The House on Maxim Gorky Street

Series: Light and Heavy
Size: 100 x 130, Edition 6
Size: 30 x 40, Edition 15


Katerina Belkina presents her series Light and Heavy, an exploration of female emancipation and independence at the crossroad of East and West. The series presents images of independent, self-sufficient and dynamic women, but who are contrasted against the background of an average Russian city: grey, frozen and crushing in its architecture and attitudes.

The eastern perception and social position of women implies that, despite intelligence or success, a woman can only be whole when paired with a man. In the western world, however, a man is not a key element for the self-realisation of a woman. The cultural tradition of Russia absorbed elements of both of these ideas: women are charged with over-responsibility and a constant need to keep up with men. In addition to this particular kind of ‘equalness’, women are seen as a commodity and an object. Under the pressure of society, a pressure that women also transfer to apply to themselves, women are in a permanent state of both competing for her place next to the man and presenting herself as a commodity to be consumed by men.

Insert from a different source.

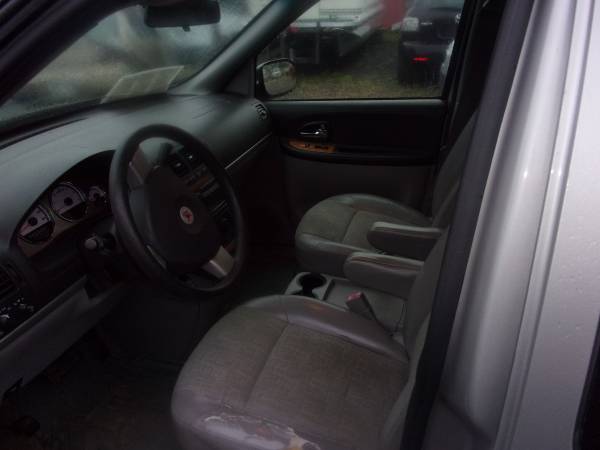05 Saturn Relay Van only (127k) miles for sale in fall creek, WI – photo 15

Inspired and featuring Belkina’s hometown of Samara, these images of independent and dynamic women are presented in contrast to the overbearing city they find themselves in. Samara is a city notable only for being average: average in its architecture, appearance and people, but also in the way it treats its female inhabitants. A city of industry, it creates and sustains, but also destroys and suppresses. This suppression is most felt by its women. They represent the pinnacle of this city’s – and, by extension of its anonymity, every city’s – attitude.

This is a feeling Belkina exposed herself to as part of creating the series. Using herself, along with other, statistically average women, as models, they went through the same conflicting feelings of exposure and empowerment that women feel to varying degrees every day.

The works depict no men, however, their presence is felt through the atmosphere and setting of the images. The frozen architecture, ringing emptiness and stagnant air encapsulate the manliness that these women are surrounded by, a crushing presence that they are unable to escape from. Physically and morally, the women have little protection from this constant and suppressive masculine energy: their underwear is their last protection.

It is an uncomfortable existence in this anonymous city that Light and Heavy’s dynamic female protagonists seek to escape from, but she has no reassurance that she is running to a better place. Society dictates that they must keep running, without promise of an end point or place: if she were to stop, she would not exist as a woman. This is an existence she did not choose, but must continue with.